Phone records show Ms Besalas rang from her home in Blackburn, with the call lasting more than three minutes.
She said she had learned her grandmother was unwell and wanted to find out her condition.
The court heard during cross examination Ms Besalas did not phone her grandmother's house again that night.
Ms Besalas said she could not remember why she did not make further contact, despite being worried about her grandmother.
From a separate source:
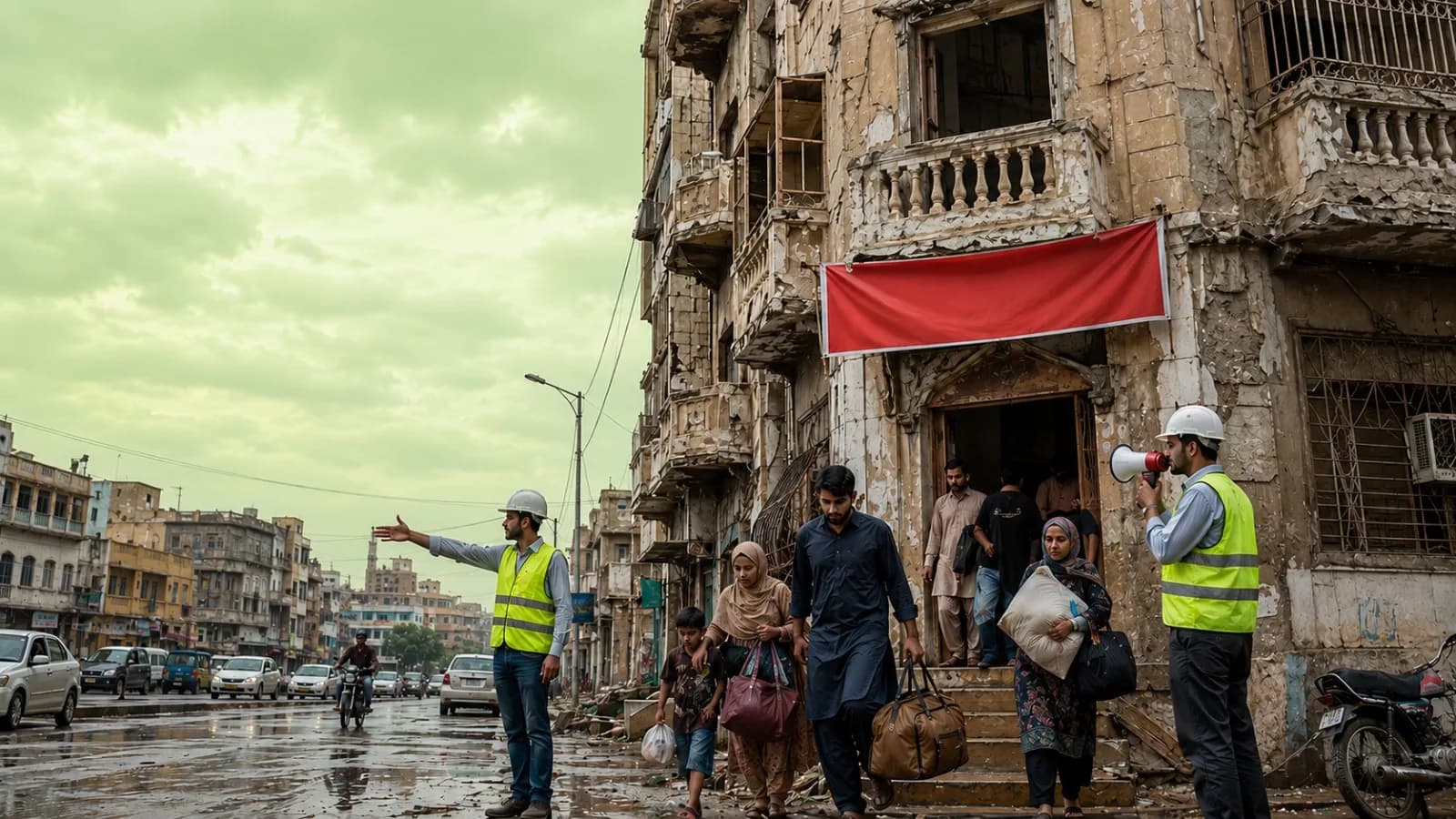 SBCA Starts Evacuation Drive From Dangerous Karachi Buildings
Police prosecuter Andrew Tinney suggested she had not made the call at all.
Ms Besalas said she did, and denied that it was in fact her auntie Olga Vlahos she spoke to and not Goussis.
On May 14, 2008, the jury heard Goussis visited the Brunswick Club days before Moran's killing to have a beer, not to case the venue.
Stephen Shirrefs SC told the court security footage revealed Goussis' movements were "constituent with having a couple of beers" when he was there on March 24, 2004.
"He doesn't walk through and check it all out. He stays in the one location," he said.
But, in another video, the man who claims he was the getaway driver - and who the defence has argued committed the murder - can be seen "checking out every inch of the...layout", he said.
The prosecution had earlier suggested Goussis had visited the venue for a sinister purpose three times in the week before the shooting.
Mr Shirrefs played the video to jurors and told them it showed Gousis was not there "casing the place"
"If he went there to see were Lewis Moran was standing, h doesn't have to go inside the club. You could see him by looking in the windows," he said.
Mr Shirrefs then showed jurors footage from March 7, 2004, and asked them to look at the movements of the driver who was there with his wife.
"Try and picture what's going through his mind as he's standing there, takiong it all in. Checking that door at the back which could be used if , having shot Lewis Moran, he needs to get away quickly," he said.
"He's standing there looking at it all, four days before Lewis Moran is shot."
The court heard that during a police interview in 2006, the man originally said he was the person who killed Moran.
But he later changed his story, saying he was the getaway driver and Goussis was the shooter.